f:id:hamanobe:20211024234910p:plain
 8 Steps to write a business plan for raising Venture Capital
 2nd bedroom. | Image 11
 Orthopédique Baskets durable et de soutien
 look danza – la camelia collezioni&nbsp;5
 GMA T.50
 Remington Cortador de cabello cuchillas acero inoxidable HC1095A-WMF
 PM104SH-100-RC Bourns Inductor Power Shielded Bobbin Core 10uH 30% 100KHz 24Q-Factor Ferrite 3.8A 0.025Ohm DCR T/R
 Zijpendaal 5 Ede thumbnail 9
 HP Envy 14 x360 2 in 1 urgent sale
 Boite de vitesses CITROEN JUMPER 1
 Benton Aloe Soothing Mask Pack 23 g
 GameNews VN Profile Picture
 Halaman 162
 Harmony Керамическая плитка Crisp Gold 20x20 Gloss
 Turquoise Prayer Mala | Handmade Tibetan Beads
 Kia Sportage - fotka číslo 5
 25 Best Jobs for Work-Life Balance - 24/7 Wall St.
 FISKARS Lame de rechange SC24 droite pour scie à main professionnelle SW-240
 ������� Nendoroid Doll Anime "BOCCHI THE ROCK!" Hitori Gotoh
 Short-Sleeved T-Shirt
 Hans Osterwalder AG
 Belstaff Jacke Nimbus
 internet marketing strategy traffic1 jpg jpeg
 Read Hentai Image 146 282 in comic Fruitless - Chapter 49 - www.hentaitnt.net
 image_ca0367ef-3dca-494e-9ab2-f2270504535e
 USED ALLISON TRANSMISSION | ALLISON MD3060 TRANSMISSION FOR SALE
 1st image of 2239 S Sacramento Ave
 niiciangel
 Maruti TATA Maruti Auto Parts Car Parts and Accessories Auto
____
Task details: Output all of the entries, exactly as they are written.

Answer for the task:
f:id:hamanobe:20211024234910p:plain
 8 Steps to write a business plan for raising Venture Capital
 2nd bedroom. | Image 11
 Orthopédique Baskets durable et de soutien
 look danza – la camelia collezioni&nbsp;5
 GMA T.50
 Remington Cortador de cabello cuchillas acero inoxidable HC1095A-WMF
 PM104SH-100-RC Bourns Inductor Power Shielded Bobbin Core 10uH 30% 100KHz 24Q-Factor Ferrite 3.8A 0.025Ohm DCR T/R
 Zijpendaal 5 Ede thumbnail 9
 HP Envy 14 x360 2 in 1 urgent sale
 Boite de vitesses CITROEN JUMPER 1
 Benton Aloe Soothing Mask Pack 23 g
 GameNews VN Profile Picture
 Halaman 162
 Harmony Керамическая плитка Crisp Gold 20x20 Gloss
 Turquoise Prayer Mala | Handmade Tibetan Beads
 Kia Sportage - fotka číslo 5
 25 Best Jobs for Work-Life Balance - 24/7 Wall St.
 FISKARS Lame de rechange SC24 droite pour scie à main professionnelle SW-240
 ������� Nendoroid Doll Anime "BOCCHI THE ROCK!" Hitori Gotoh
 Short-Sleeved T-Shirt
 Hans Osterwalder AG
 Belstaff Jacke Nimbus
 internet marketing strategy traffic1 jpg jpeg
 Read Hentai Image 146 282 in comic Fruitless - Chapter 49 - www.hentaitnt.net
 image_ca0367ef-3dca-494e-9ab2-f2270504535e
 USED ALLISON TRANSMISSION | ALLISON MD3060 TRANSMISSION FOR SALE
 1st image of 2239 S Sacramento Ave
 niiciangel
 Maruti TATA Maruti Auto Parts Car Parts and Accessories Auto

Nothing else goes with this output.